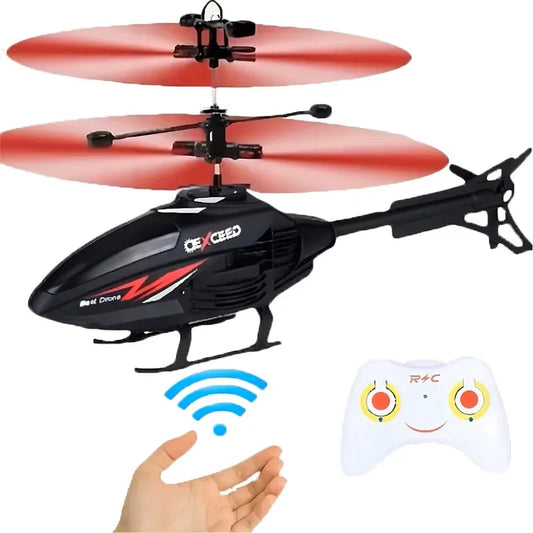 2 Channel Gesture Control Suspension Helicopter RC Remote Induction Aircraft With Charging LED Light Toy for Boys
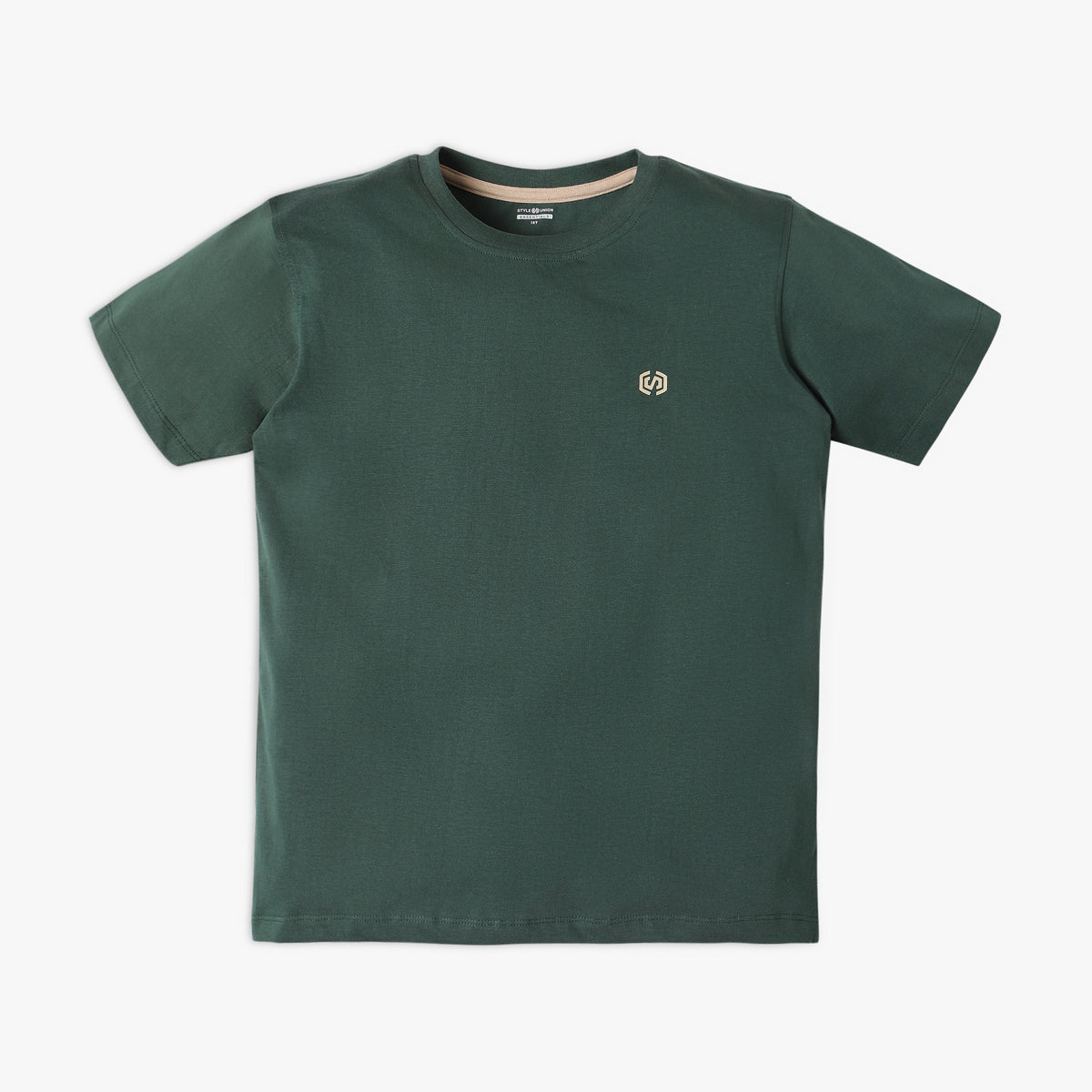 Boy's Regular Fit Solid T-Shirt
* * *
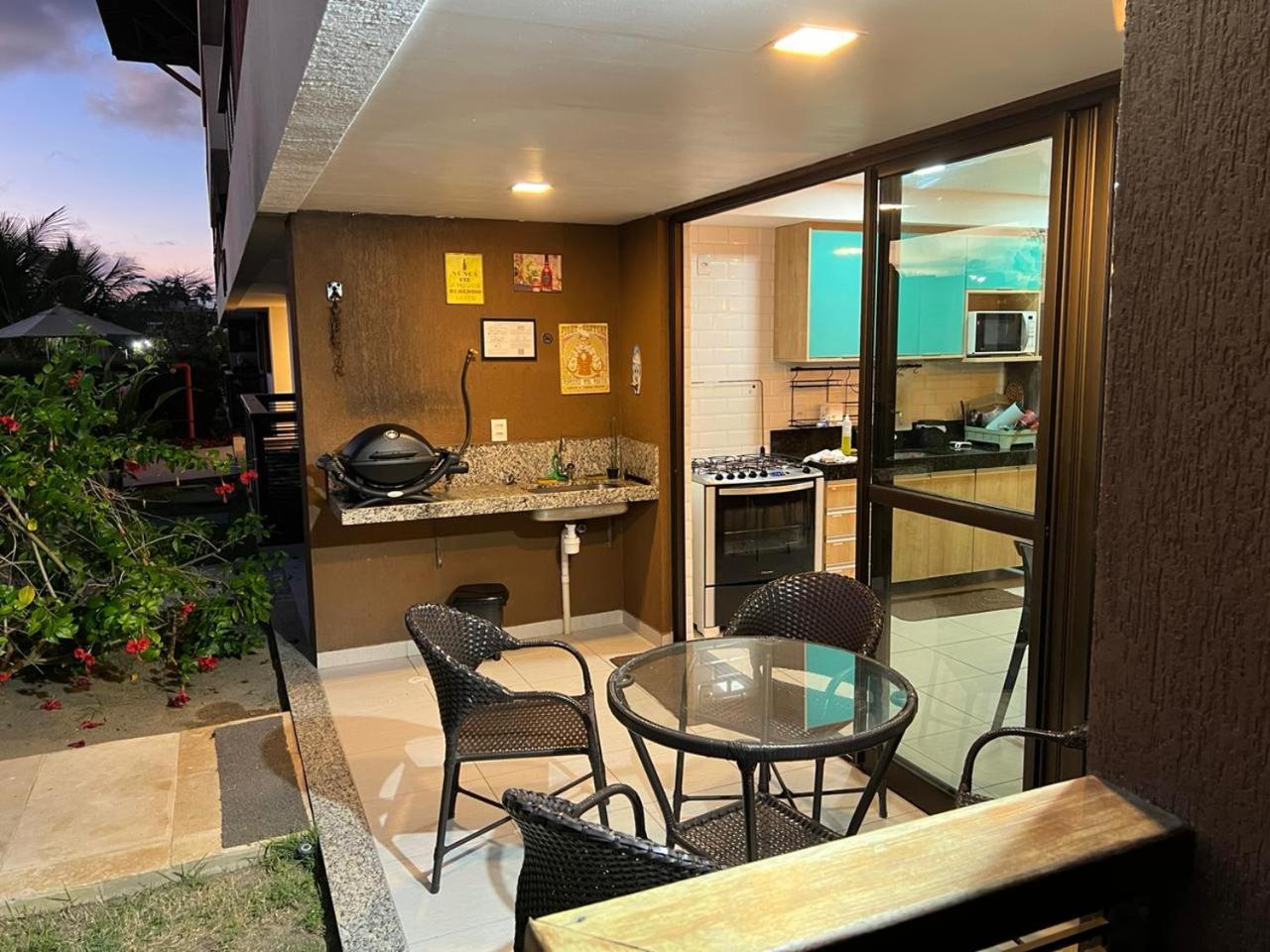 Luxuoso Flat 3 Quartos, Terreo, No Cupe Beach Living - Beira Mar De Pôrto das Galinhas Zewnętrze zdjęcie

• YOUR TASK: Transcribe, exactly and without pictures, everything in the data from the line with "2 Channel Gesture" down to the line with "Boy's Regular Fit Solid T-Shirt", both included.

• EXERCISE SOLUTION:
 2 Channel Gesture Control Suspension Helicopter RC Remote Induction Aircraft With Charging LED Light Toy for Boys
 Boy's Regular Fit Solid T-Shirt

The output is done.